I wanted to use R to explore how to access and visualize census data, home value data and school rating data using Indianapolis metro area as an example. My learning objectives here are to learn how to use R to:
# set working dir
setwd("~/notesofdabbler/Rspace/realEstate")
# load libraries
library(XML)
library(RCurl)
## Loading required package: bitops
library(stringr)
library(ggplot2)
library(maptools)
## Loading required package: sp
## Checking rgeos availability: TRUE
library(rgeos)
## rgeos version: 0.3-2, (SVN revision 413M)
## GEOS runtime version: 3.4.2-CAPI-1.8.2 r3921
## Polygon checking: TRUE
library(ggmap)
library(plyr)
library(RJSONIO)
I first extracted the zipcodes in the Indianapolis area by filtering the zip-county mapping for US using counties in the Indianapolis area.
The dataset with zip-county mapping is created using another code
# get zip-city-county-state map, this is loaded into dataset zipMap2
load("zipCityCountyStateMap.Rda")
head(zipMap2)
## STATE COUNTY ZCTA5 city ctyname stname
## 1 01 001 36006 Billingsley Autauga County, AL AL
## 2 01 001 36749 Jones Autauga County, AL AL
## 3 01 001 36003 Autaugaville Autauga County, AL AL
## 4 01 001 36067 Prattville Autauga County, AL AL
## 5 01 001 36051 Marbury Autauga County, AL AL
## 6 01 001 36066 Prattville Autauga County, AL AL
# list of counties in the greater Indianapolis area
cntyList=c("Marion County, IN",
"Hamilton County, IN",
"Boone County, IN",
"Hendricks County, IN",
"Johnson County, IN",
"Shelby County, IN",
"Hancock County, IN")
# get list of zips in the greater Indianapolis area
zipIndy=zipMap2[zipMap2$ctyname %in% cntyList,]
# remove duplicates (due to a zip in multiple counties)
zipIndy2=zipIndy[!duplicated(zipIndy$ZCTA5),]
head(zipIndy2)
## STATE COUNTY ZCTA5 city ctyname stname
## 10309 18 011 46069 Sheridan Boone County, IN IN
## 10310 18 011 46035 Colfax Boone County, IN IN
## 10311 18 011 46071 Thorntown Boone County, IN IN
## 10312 18 011 47968 New Ross Boone County, IN IN
## 10313 18 011 46268 Indianapolis Boone County, IN IN
## 10314 18 011 46052 Lebanon Boone County, IN IN
I wanted to get zip code level shape files to be able to make choropleth maps.
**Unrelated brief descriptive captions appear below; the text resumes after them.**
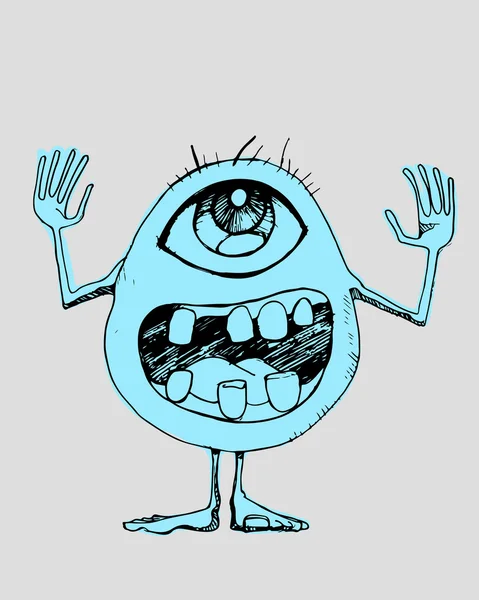 Één oog cartoon monster — Stockvector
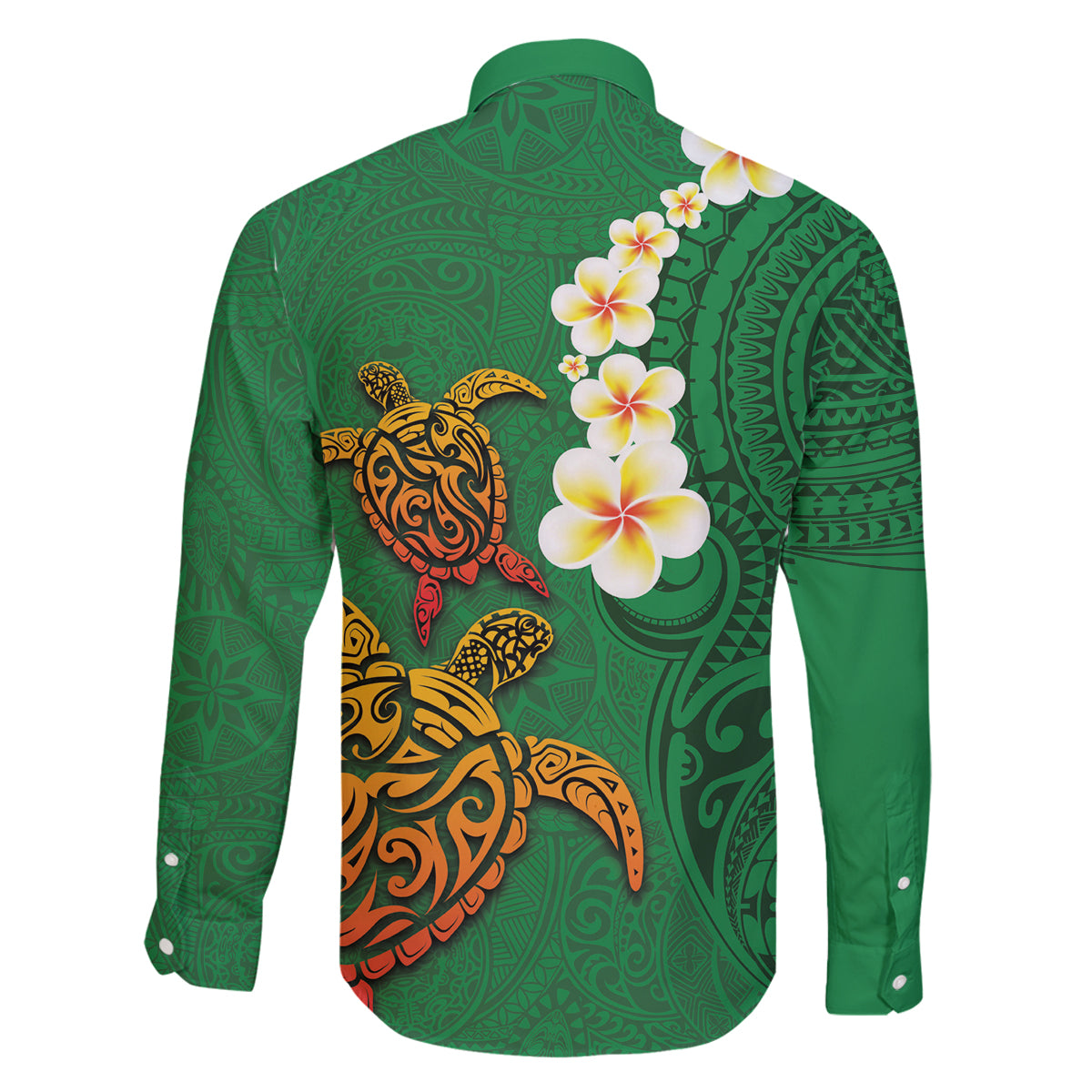 Hawaii Turtle Plumeria Flower Family Matching Tank Maxi Dress and Hawaiian Shirt Polynesian Pattern Green Color LT03 - Polynesian Pride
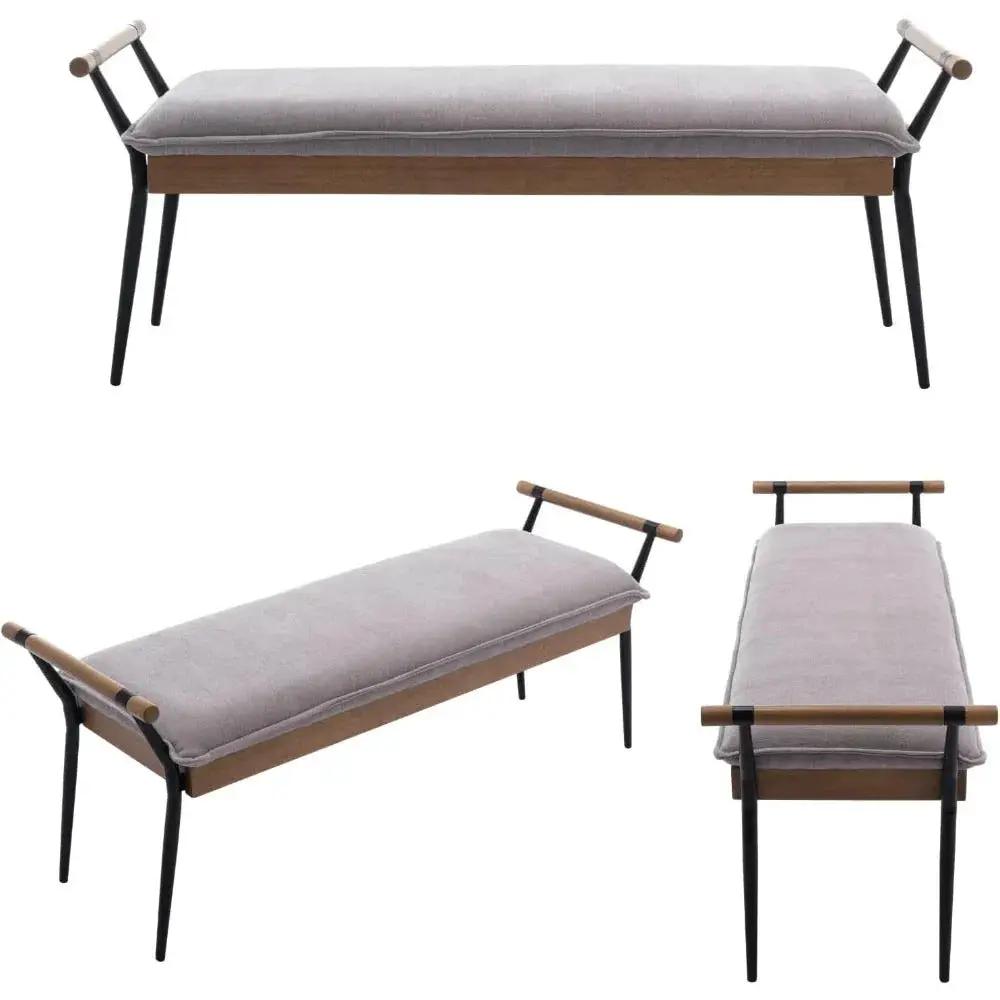 Chenille Storage Bench with Entryway Shelf and Modern Design by House Of Avana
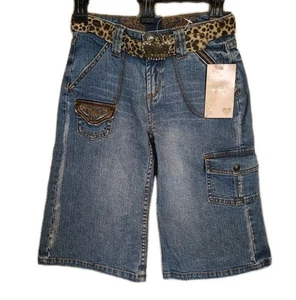 girls squeeze girl wide leg capris new W/ Cheetah Pattern Belt - Picture 1 of 13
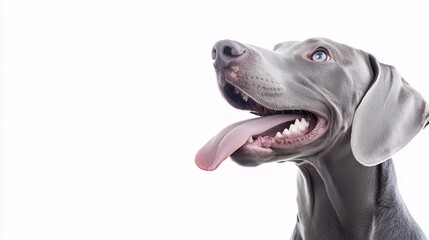 Weimaraner dog looking up with tongue out, isolated on a white background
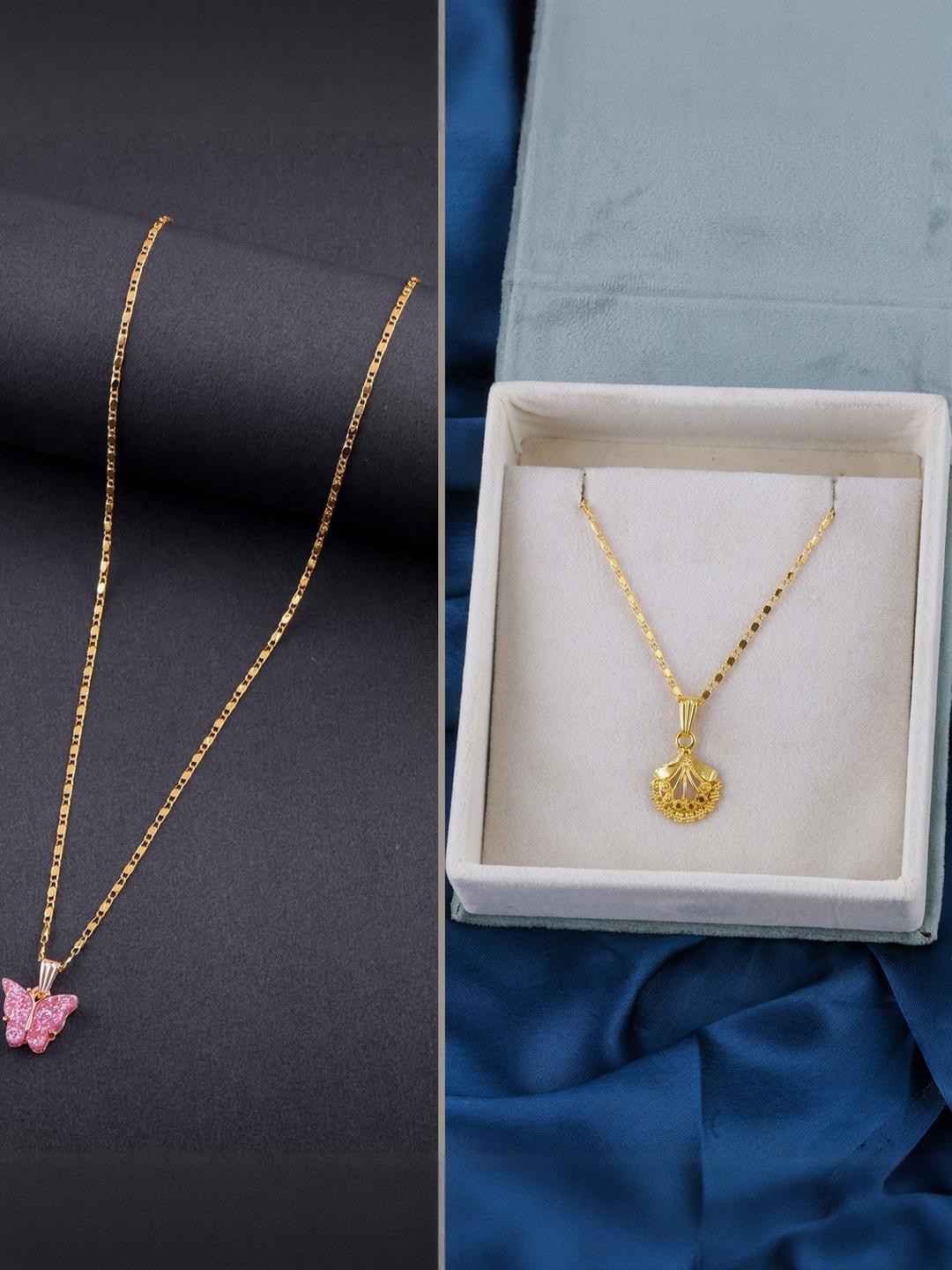 DressBerry Set of 2 Pink Gold Plated Artificial Beads Beaded Butterfly Pendant Chain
The census site has zip code level shape files for different states. I found the following tutorial on spatial data and ggplot2 very helpful in processing and mapping shape files.
# get shape file of zips in Indiana
# http://www.census.gov/cgi-bin/geo/shapefiles2010/layers.cgi
zipShp=readShapePoly("tl_2010_18_zcta510/tl_2010_18_zcta510.shp")
zipShp2=fortify(zipShp,region="ZCTA5CE10")
# retain zips in Indy area
zipShp3=zipShp2[zipShp2$id %in% zipIndy$ZCTA5,]
The plot below shows the zip codes overlaid on static google map of Indianapolis area obtained using ggmap package
x=get_googlemap(center="indianapolis",maptype=c("roadmap"))
## Map from URL : http://maps.googleapis.com/maps/api/staticmap?center=indianapolis&zoom=10&size=%20640x640&maptype=roadmap&sensor=false
## Google Maps API Terms of Service : http://developers.google.com/maps/terms
## Information from URL : http://maps.googleapis.com/maps/api/geocode/json?address=indianapolis&sensor=false
## Google Maps API Terms of Service : http://developers.google.com/maps/terms
p=ggmap(x)
p=p+geom_polygon(data=zipShp3,aes(x=long,y=lat,group=id),fill="blue",color="black",alpha=0.2)
print(p)
Disclaimer: This is a one off use of Zillow API for exploratory purposes. I believe I am in compliance with their terms of use. However, if somebody notices a violation of their terms of use, please let me know and I will remove this material.
I used Zillow getDemographics API to extract median household prices by zipcode. To use this API, you need to get a API key. The following overview of the Zillow API also has a section on how to get a API key.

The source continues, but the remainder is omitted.